WHAT TO DO:
Please repeat the records word for word and skip the pictures.

Captioned web image data

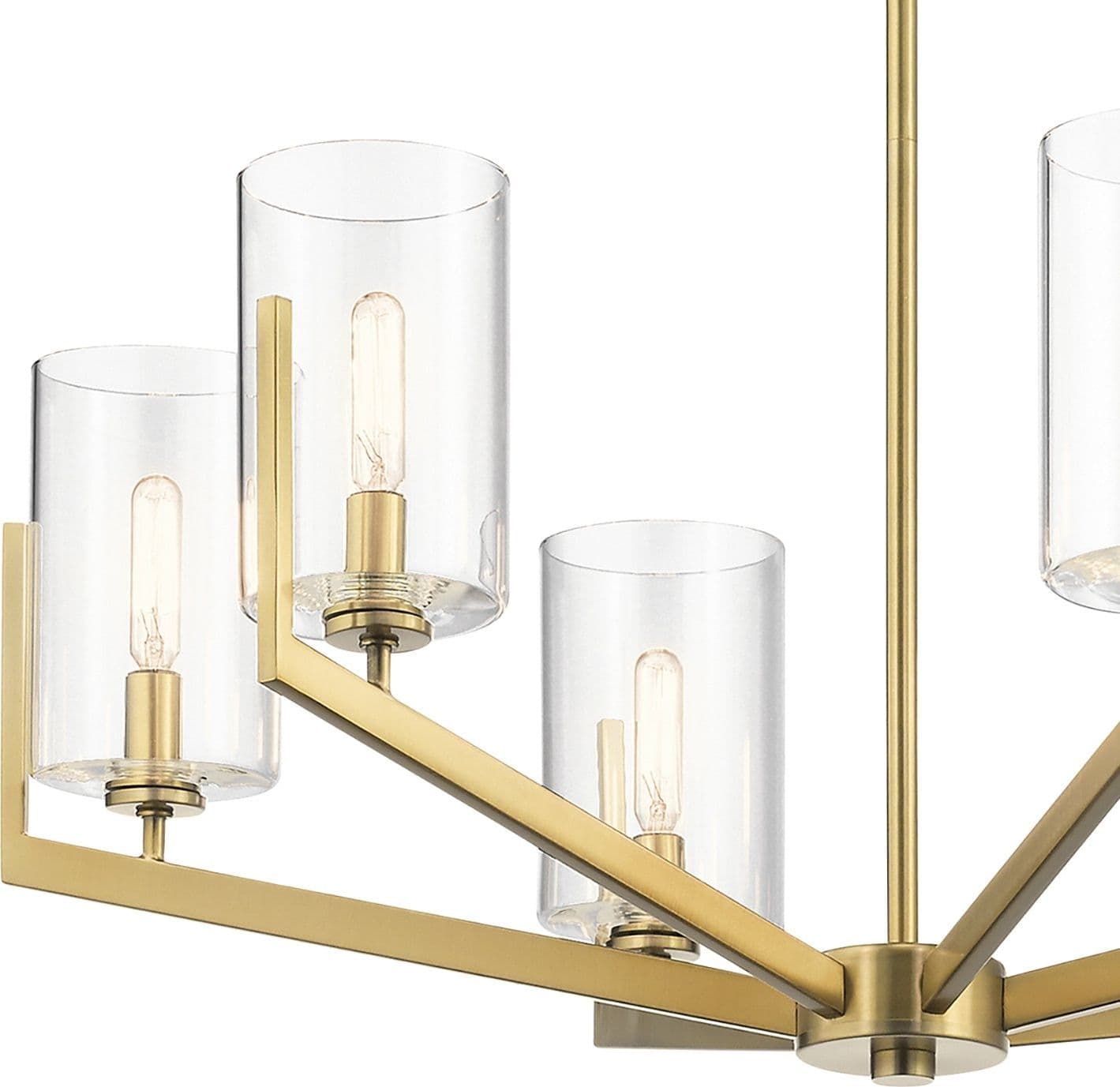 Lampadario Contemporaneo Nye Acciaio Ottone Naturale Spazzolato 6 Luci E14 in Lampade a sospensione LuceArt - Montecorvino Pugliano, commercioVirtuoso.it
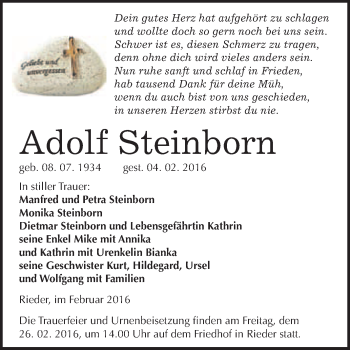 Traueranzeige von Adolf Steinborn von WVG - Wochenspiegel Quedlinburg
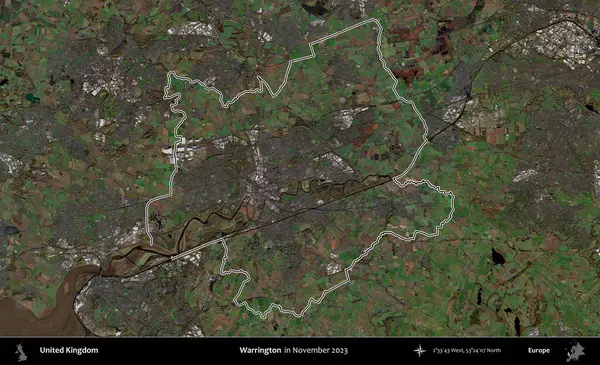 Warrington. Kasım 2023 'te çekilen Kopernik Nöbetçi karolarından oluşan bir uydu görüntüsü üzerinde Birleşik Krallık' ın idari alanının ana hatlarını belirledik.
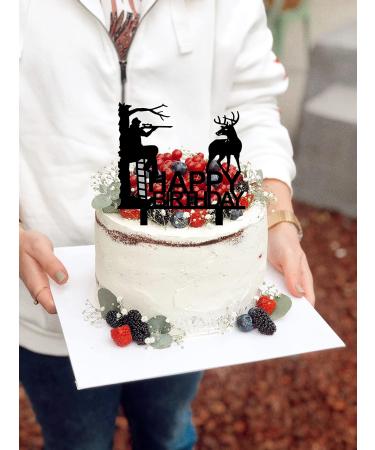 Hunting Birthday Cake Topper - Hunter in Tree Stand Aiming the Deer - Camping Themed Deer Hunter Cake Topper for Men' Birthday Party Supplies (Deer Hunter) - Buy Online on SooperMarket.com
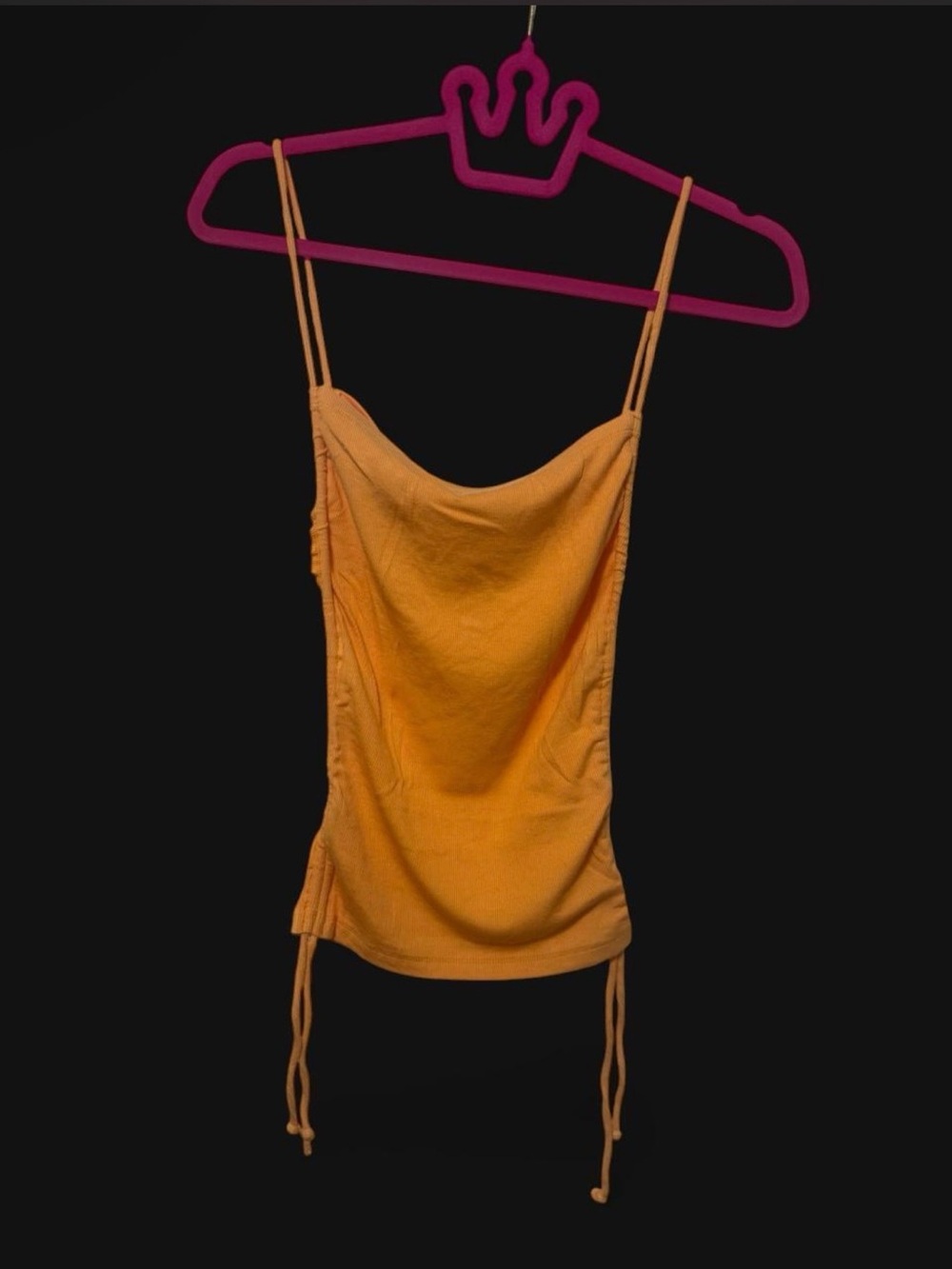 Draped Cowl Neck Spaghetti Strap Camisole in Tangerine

EXERCISE RESULT:
 Lampadario Contemporaneo Nye Acciaio Ottone Naturale Spazzolato 6 Luci E14 in Lampade a sospensione LuceArt - Montecorvino Pugliano, commercioVirtuoso.it
 Traueranzeige von Adolf Steinborn von WVG - Wochenspiegel Quedlinburg
 Warrington. Kasım 2023 'te çekilen Kopernik Nöbetçi karolarından oluşan bir uydu görüntüsü üzerinde Birleşik Krallık' ın idari alanının ana hatlarını belirledik.
 Hunting Birthday Cake Topper - Hunter in Tree Stand Aiming the Deer - Camping Themed Deer Hunter Cake Topper for Men' Birthday Party Supplies (Deer Hunter) - Buy Online on SooperMarket.com
 Draped Cowl Neck Spaghetti Strap Camisole in Tangerine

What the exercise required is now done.